A) Planning / quick due diligence (one point)

Question: “Roughly how high is this location?” Good for: site familiarity, map notes, pre-visit planning.

  1. Search an address/place or click the map.
  2. Read the main elevation value (toggle meters/feet as needed).
  3. Check Method / Dataset / Resolution in the Source panel.
  4. If you need more confidence, enable one cross-check provider (not all).
  5. Use Copy summary to paste into an email/ticket with provenance.
  • Recommended sources: same-origin API baseline + (optional) EPQS cross-check in the U.S.
  • Watch for: Unknown vertical reference. Use as best-available only.

B) Flood / SLR screening (low relief areas)

Question: “Is this location plausibly below (or near) a flood/SLR threshold?” This is not a hydrodynamic model, but it helps with fast screening.

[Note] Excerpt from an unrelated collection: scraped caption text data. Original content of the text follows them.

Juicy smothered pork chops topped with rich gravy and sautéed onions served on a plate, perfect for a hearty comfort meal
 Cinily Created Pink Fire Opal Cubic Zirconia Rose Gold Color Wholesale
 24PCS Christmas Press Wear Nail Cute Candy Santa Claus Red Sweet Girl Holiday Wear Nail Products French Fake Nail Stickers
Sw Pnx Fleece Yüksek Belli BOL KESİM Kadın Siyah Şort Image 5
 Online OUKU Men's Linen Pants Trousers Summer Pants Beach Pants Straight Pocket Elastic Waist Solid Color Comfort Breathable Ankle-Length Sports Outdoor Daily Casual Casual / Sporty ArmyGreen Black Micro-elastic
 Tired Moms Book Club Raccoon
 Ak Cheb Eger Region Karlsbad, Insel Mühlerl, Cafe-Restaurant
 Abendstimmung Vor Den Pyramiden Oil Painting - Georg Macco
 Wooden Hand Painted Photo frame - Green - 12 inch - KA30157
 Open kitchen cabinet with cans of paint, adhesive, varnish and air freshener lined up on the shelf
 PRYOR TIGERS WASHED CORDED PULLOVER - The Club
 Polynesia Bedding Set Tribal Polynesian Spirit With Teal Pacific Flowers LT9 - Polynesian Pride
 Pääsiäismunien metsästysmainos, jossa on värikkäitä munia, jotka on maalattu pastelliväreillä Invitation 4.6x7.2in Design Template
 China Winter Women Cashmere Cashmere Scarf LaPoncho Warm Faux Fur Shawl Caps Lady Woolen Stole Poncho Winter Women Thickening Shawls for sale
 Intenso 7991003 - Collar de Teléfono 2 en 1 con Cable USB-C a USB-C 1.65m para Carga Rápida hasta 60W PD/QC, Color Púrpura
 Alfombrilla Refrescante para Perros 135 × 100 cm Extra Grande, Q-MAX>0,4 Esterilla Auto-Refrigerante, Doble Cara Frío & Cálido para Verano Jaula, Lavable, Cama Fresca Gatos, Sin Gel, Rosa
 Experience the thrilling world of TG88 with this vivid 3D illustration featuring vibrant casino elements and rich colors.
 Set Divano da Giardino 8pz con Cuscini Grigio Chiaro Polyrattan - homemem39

  1. Sample your point of interest (POI).
  2. Sample 4–8 nearby points (25–100 m around the POI) to understand micro-topography and DEM smoothing.
  3. Check validation: if it says CHECK, treat the result as uncertain and investigate why.
  4. Prefer higher-resolution/bare-earth sources when available.
  5. Document the vertical reference expectations of your threshold (e.g., NAVD88 vs unknown).
  • Recommended sources: USGS 3DEP-derived products when working in the U.S.; treat global DEMs cautiously for sub-meter decisions.
  • Watch for: comparing a modeled water surface to elevations from a different datum/geoid.
  • Tip: in very flat areas, small differences can come from interpolation, datum, or vegetation/buildings in a DSM.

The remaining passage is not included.